## Exercise instructions:
An exact transcription of the lines from the one holding "Victor Barberá" to the end of the entries below, and nothing more, is the required answer. Please omit the pictures.
START Records provided
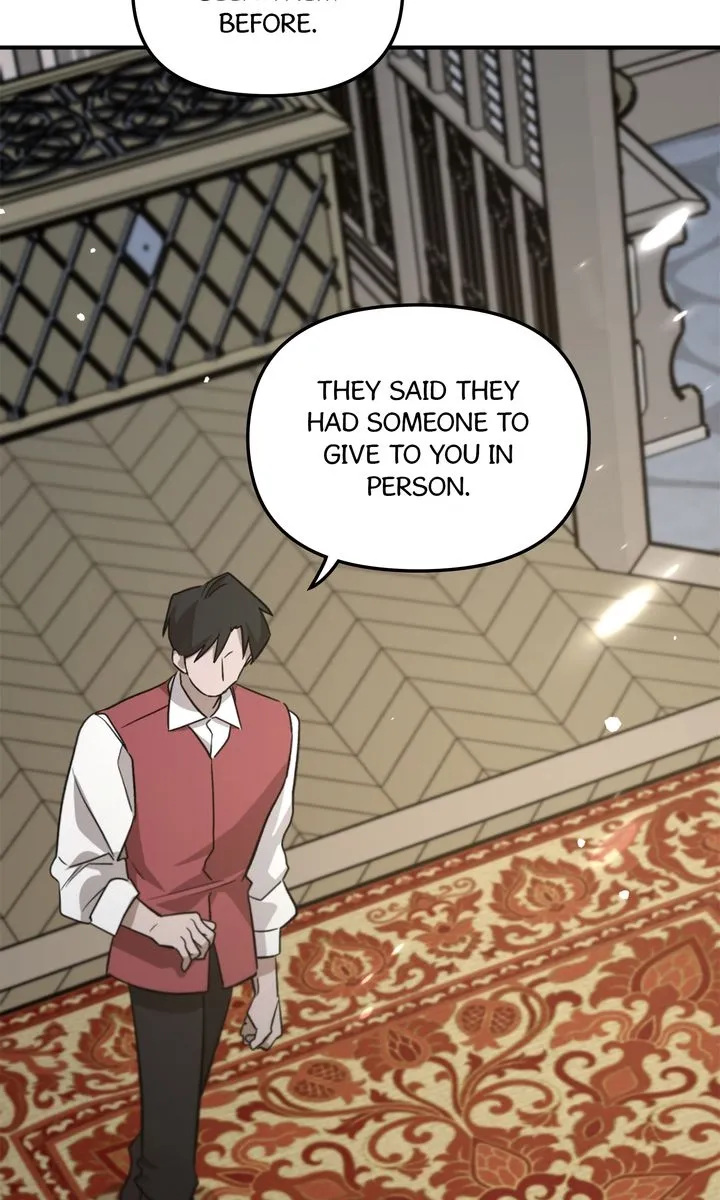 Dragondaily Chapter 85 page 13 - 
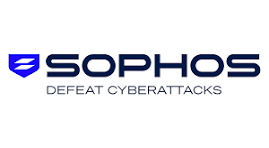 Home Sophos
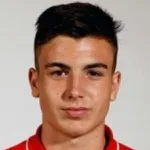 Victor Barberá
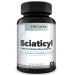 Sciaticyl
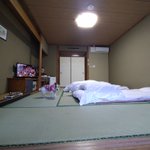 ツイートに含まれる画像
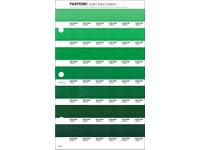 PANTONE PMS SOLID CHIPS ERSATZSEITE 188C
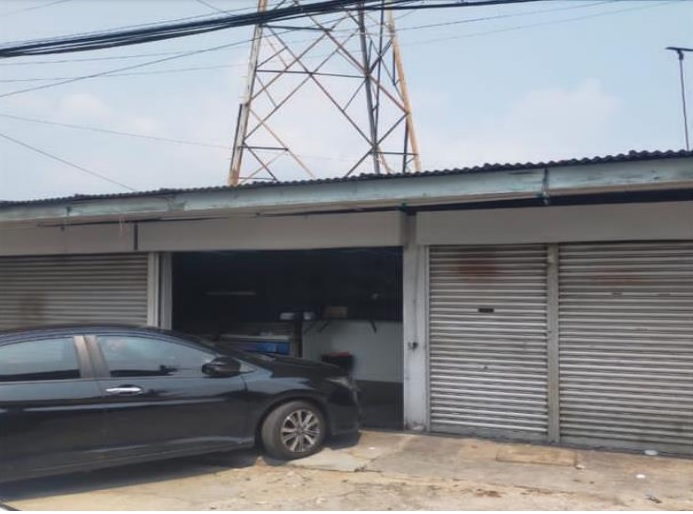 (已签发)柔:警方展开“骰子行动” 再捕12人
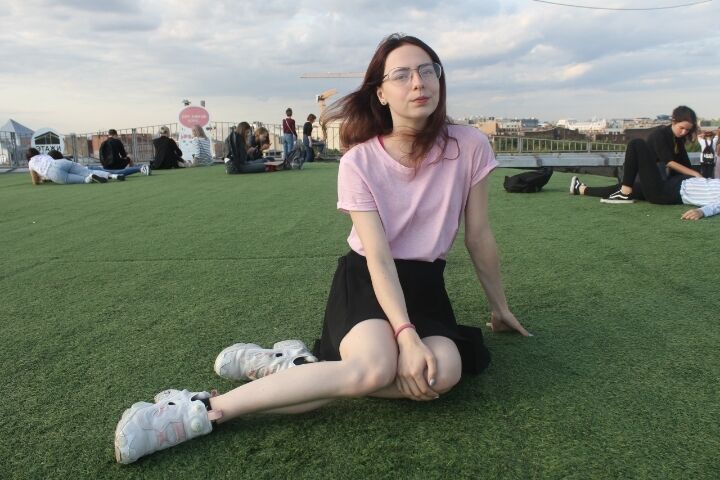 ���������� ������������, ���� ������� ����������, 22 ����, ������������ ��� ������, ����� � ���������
END Records provided
## Task answer:
 Victor Barberá
 Sciaticyl
 ツイートに含まれる画像
 PANTONE PMS SOLID CHIPS ERSATZSEITE 188C
 (已签发)柔:警方展开“骰子行动” 再捕12人
 ���������� ������������, ���� ������� ����������, 22 ����, ������������ ��� ������, ����� � ���������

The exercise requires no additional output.